"But darkness
was here yesterday. Imagine the feelings of a commander of a fine--what
d'ye call 'em?--trireme in the Mediterranean, ordered suddenly to the
north; run overland across the Gauls in a hurry; put in charge of one of
these craft the legionaries--a wonderful lot of handy men they must
have been, too--used to build, apparently by the hundred, in a month or
two, if we may believe what we read. Imagine him here--the very end of
the world, a sea the colour of lead, a sky the colour of smoke, a kind
of ship about as rigid as a concertina-- and going up this river with
stores, or orders, or what you like.
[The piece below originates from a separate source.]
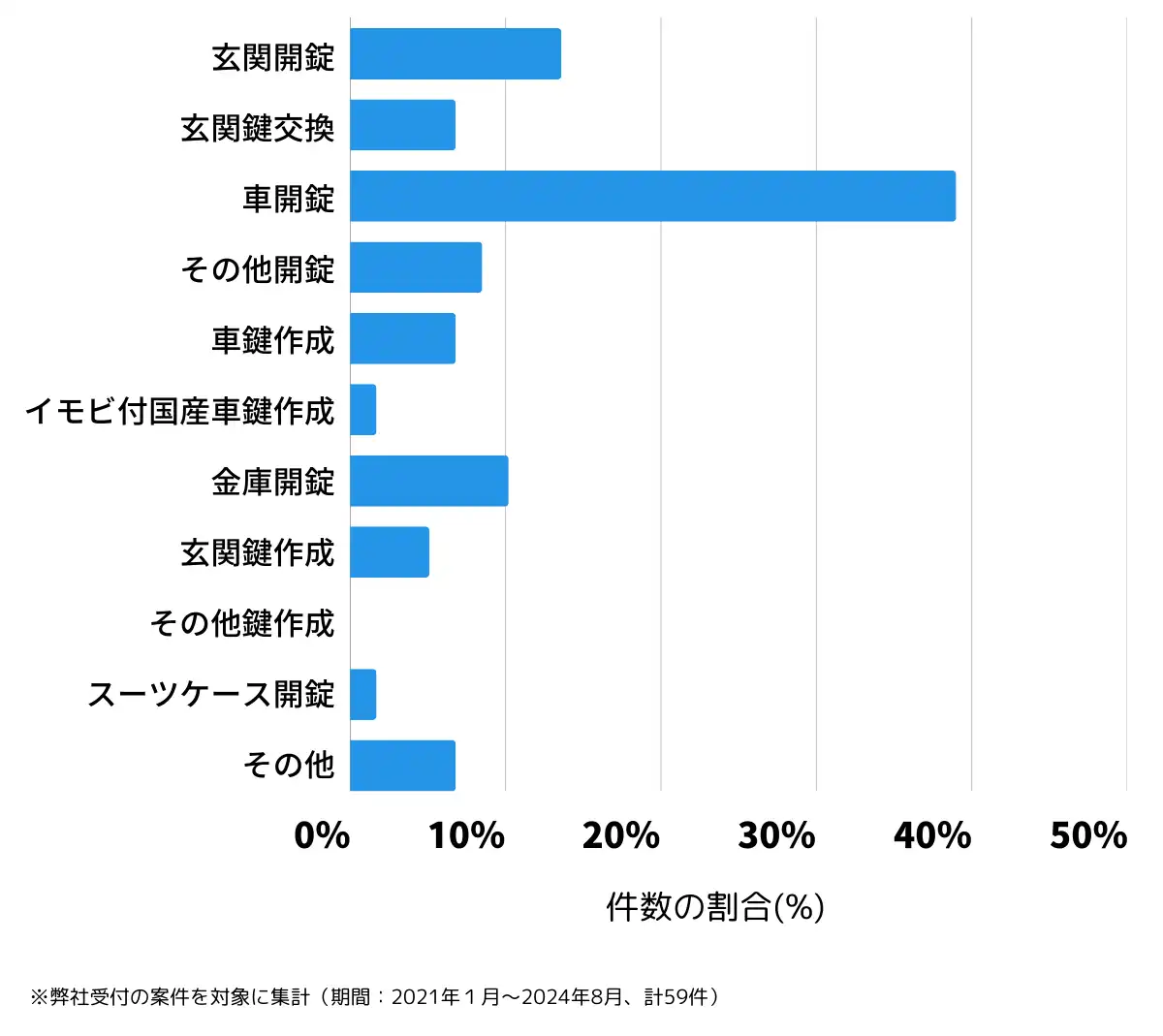 福島県二本松市の鍵開け・鍵交換の相談傾向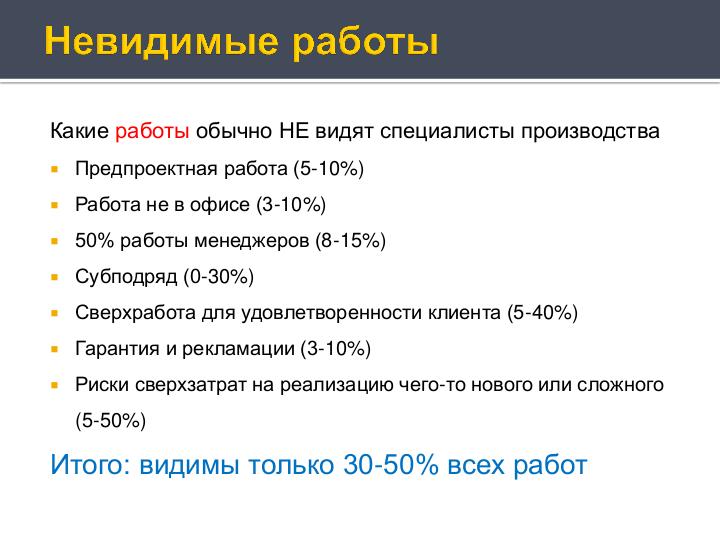 Файл:Деньги и внутренние часы компании разработчика (Антон Овчинников на ADD-2010).pdf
Sand-banks, marshes, forests,
savages,--precious little to eat fit for a civilized man, nothing but
Thames water to drink. No Falernian wine here, no going ashore. Here and
there a military camp lost in a wilderness, like a needle in a bundle
of hay--cold, fog, tempests, disease, exile, and death--death skulking
in the air, in the water, in the bush. They must have been dying like
flies here."
I thought this quote was a jem because it draws an obvious and almost direct parallel between ancient London and the Congo. Down to the forests and wilderness. This quote allows the reader to predict what the entire book will be about. Just as the men came to London and "suffered in an uncivilized" land, so did (I predict) Marlow during his adventure up the river.